For teams that need to bridge the two worlds, the common path is SavedModel -> ONNX -> target runtime, using tf2onnx. The reverse direction (ONNX -> SavedModel) is handled by onnx-tf or the newer onnx2tf, with the usual caveats about layout differences (TensorFlow defaults to NHWC, ONNX expects NCHW) and the occasional need to reimplement custom ops by hand.
Limitations worth naming:
saved_model.pb historically required workarounds for very large graphs; the experimental proto-splitting option in TF 2.15+ addresses this.@tf.function does not survive the save and load round trip, which sometimes surprises authors who expected behavior similar to pickling a Keras subclass.None of these are fatal. For TF-native production serving, SavedModel is still the right answer, and the directory layout has stayed remarkably stable across nearly a decade of TensorFlow releases.

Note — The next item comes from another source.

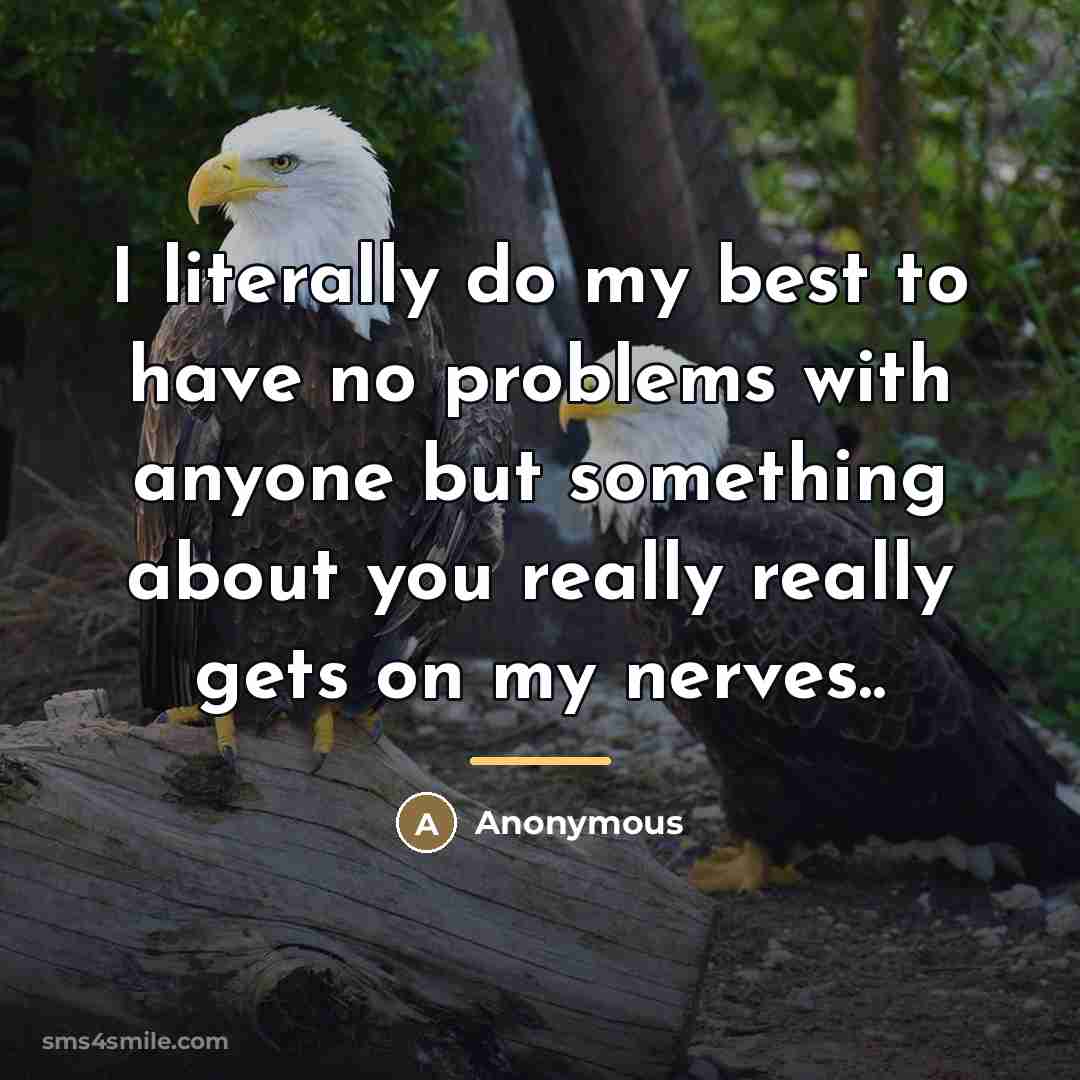 “I literally do my best to have no problems with…” quote by Anonymous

Imagine you built something cool out of LEGO and you want a friend to be able to rebuild it later, even if you forget how. So you put the finished model in a box, drop in all the spare bricks you used, and tape the building instructions to the lid. The box is a SavedModel. The instructions are the graph (saved_model.pb), the bricks are the weights (variables/), and any extra stickers or labels the model needs are the assets. Anyone with the box can rebuild and use the model, even if they speak a different programming language.